Will the government's new pension rules puncture profits?Source: iStock
Advice on coping with the government’s pension plans
Last autumn the government introduced auto-enrolment. Under this new system, most employees will automatically become members of a pension scheme with a minimum set level of contributions.
Significantly, employers will now be required to pay pension contributions on behalf of their employees so, for the many practices that do not currently pay into a scheme for their employees, this represents an additional cost of employment.
The contribution rates are phased but by 2018 at least 3% must be paid by the employer. There are also fairly onerous administration requirements and, again, responsibility for complying falls on the employer.
Firms who already pay pension contributions on behalf of staff may just need to tweak their current arrangements, but for those who don’t pay into staff pensions this is a major change. The increase in the cost of employing staff is likely to hit profitability as continuing downward pressure on fees will make it difficult for practices to increase their rates to compensate.

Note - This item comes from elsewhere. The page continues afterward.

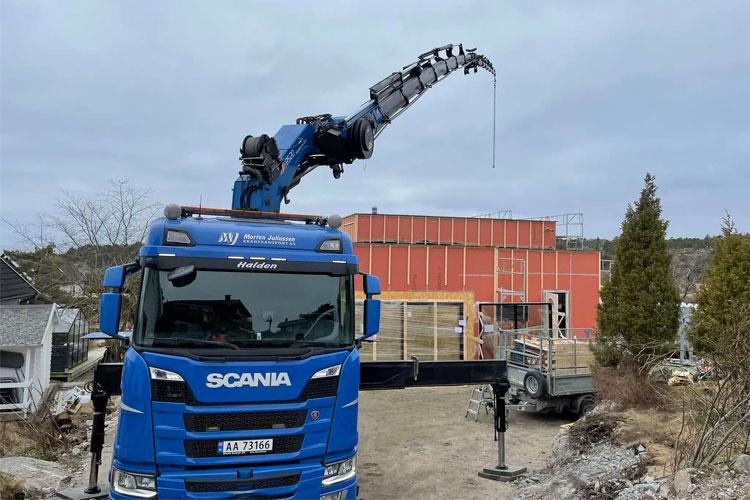 Blå Scania lastebil med kran som løfter materialer ved en byggeplass med rød bygning i bakgrunnen.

The new rules are also likely to reinforce the current trend for practices to take on architects as freelancers where possible, as freelance staff will not be auto-enrolled.

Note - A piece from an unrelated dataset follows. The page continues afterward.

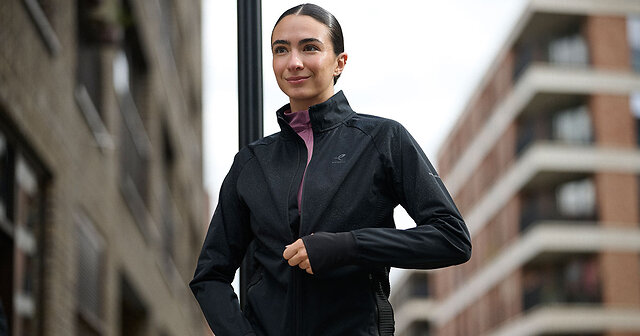 Läuferin schließt ihre Laufjacke zum Lauf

Auto-enrolment is being phased in as of last October, based on the size of an employer’s payroll. Businesses will be contacted individually by the Pensions Regulator but larger practices are likely to need to comply with all aspects of auto-enrolment from April 2014, less than a year away.
It is crucial that practices determine early how this legislation will affect them and seek the necessary support and advice as soon as possible.
DISCLAIMER: This column is for general information only. It should not be relied on or treated as a substitute for specific legal advice relevant to particular circumstances. Neither BD nor the contributors’ employers accept any responsibility for the personal views expressed in this section.